PROBLEM: Within the records below, reproduce without change the lines from the line that has "223 Valentine St, Highland Park, NJ 08904" through the line that has "Nike Maglia Dri-FIT Park", and only those.

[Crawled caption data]
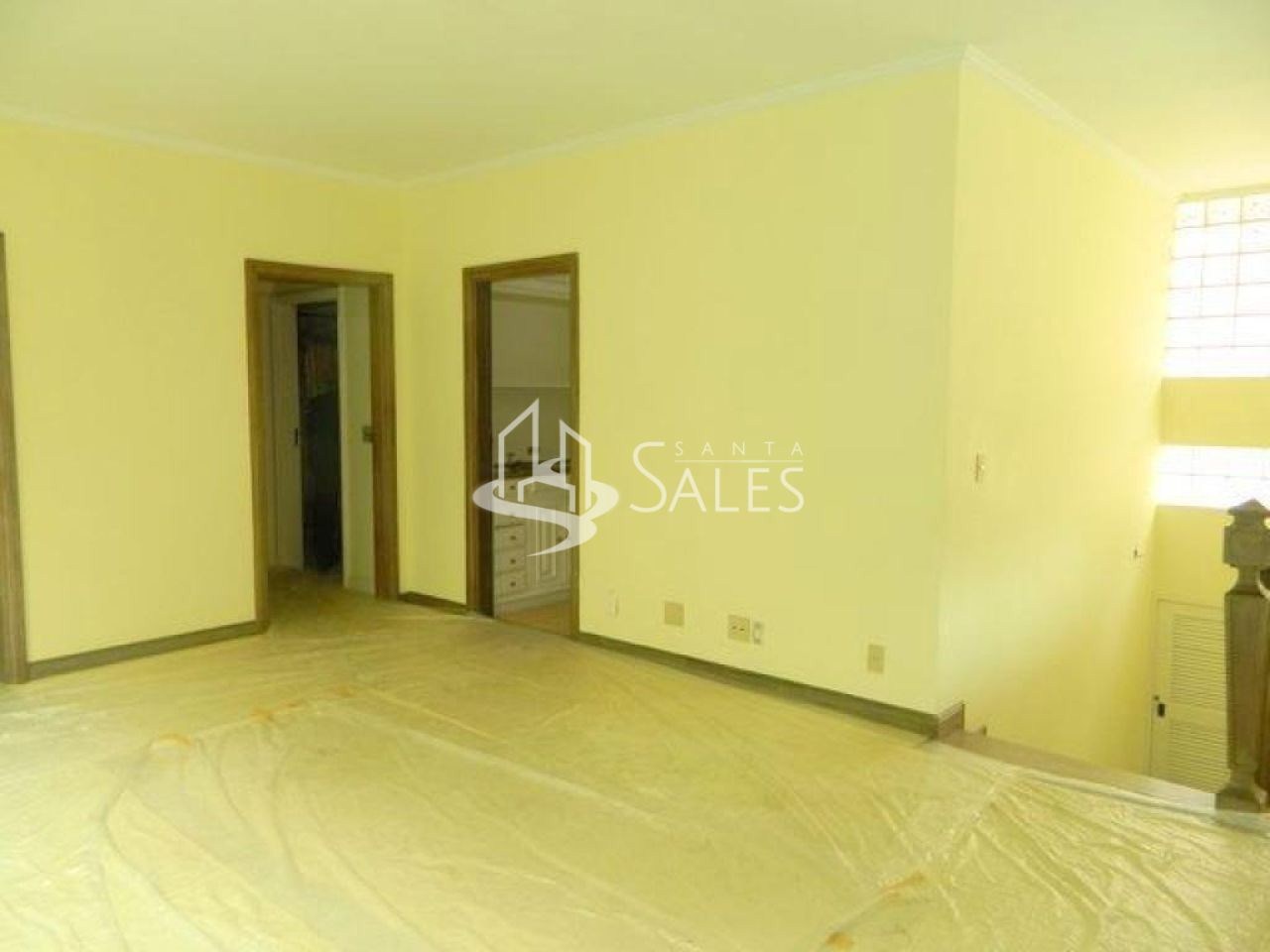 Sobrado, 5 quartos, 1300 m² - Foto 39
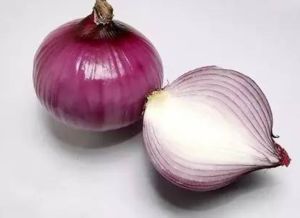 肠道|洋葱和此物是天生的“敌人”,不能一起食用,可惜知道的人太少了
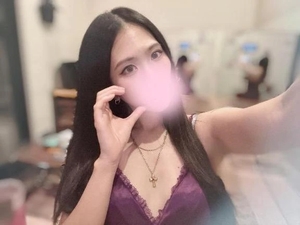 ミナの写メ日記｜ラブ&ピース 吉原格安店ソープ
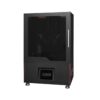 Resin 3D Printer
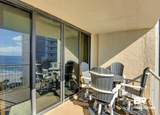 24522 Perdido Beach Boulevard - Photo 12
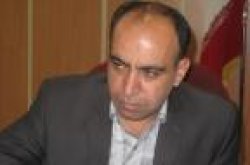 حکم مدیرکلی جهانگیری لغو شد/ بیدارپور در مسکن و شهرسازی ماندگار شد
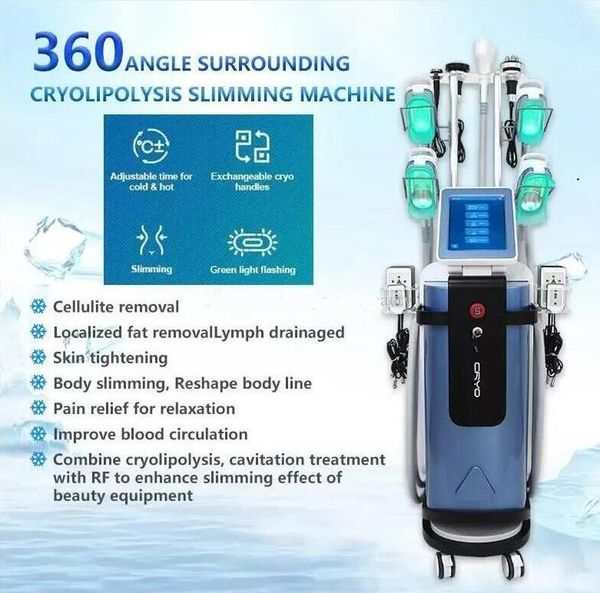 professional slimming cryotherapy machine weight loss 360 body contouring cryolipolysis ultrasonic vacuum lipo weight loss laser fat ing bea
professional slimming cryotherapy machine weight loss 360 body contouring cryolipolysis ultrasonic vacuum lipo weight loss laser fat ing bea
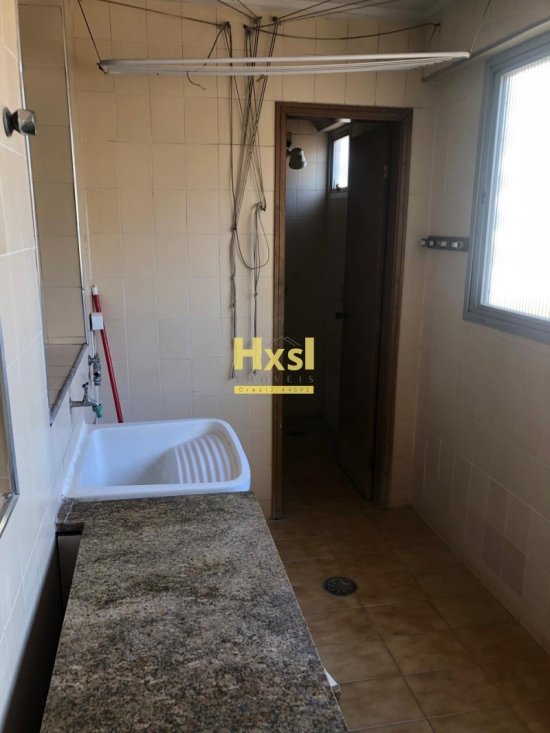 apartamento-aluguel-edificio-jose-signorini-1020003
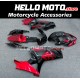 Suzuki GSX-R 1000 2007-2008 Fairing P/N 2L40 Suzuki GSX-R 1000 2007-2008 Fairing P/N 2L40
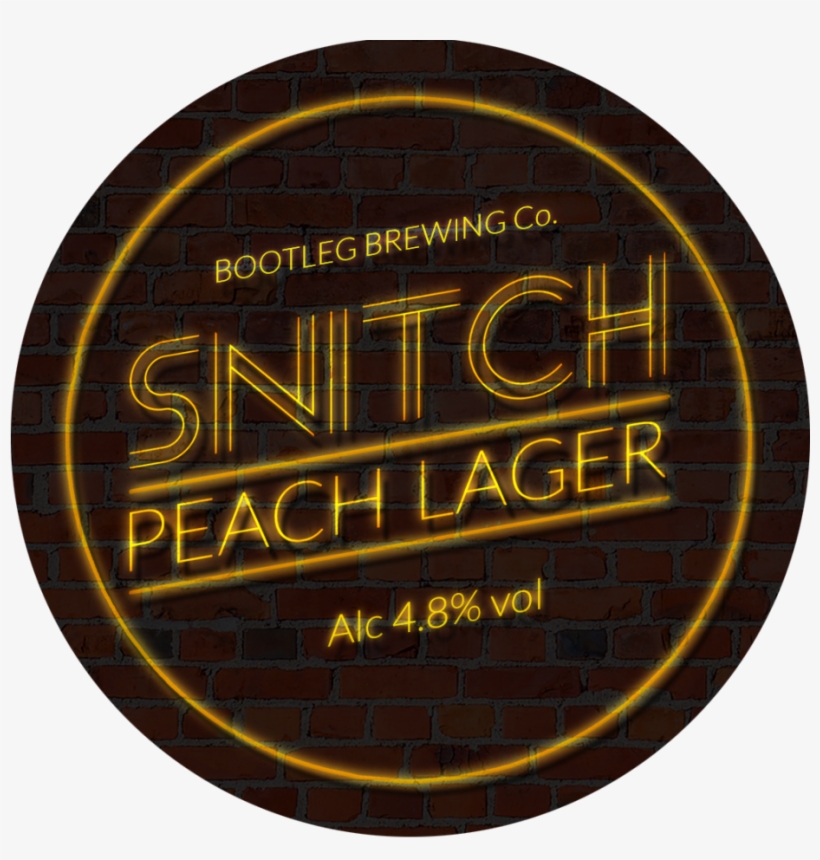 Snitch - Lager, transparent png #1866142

...

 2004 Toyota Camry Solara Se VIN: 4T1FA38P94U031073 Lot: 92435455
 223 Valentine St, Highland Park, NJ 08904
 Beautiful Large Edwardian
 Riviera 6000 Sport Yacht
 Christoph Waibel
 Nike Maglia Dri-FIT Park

THE COMPLETED TASK:
 223 Valentine St, Highland Park, NJ 08904
 Beautiful Large Edwardian
 Riviera 6000 Sport Yacht
 Christoph Waibel
 Nike Maglia Dri-FIT Park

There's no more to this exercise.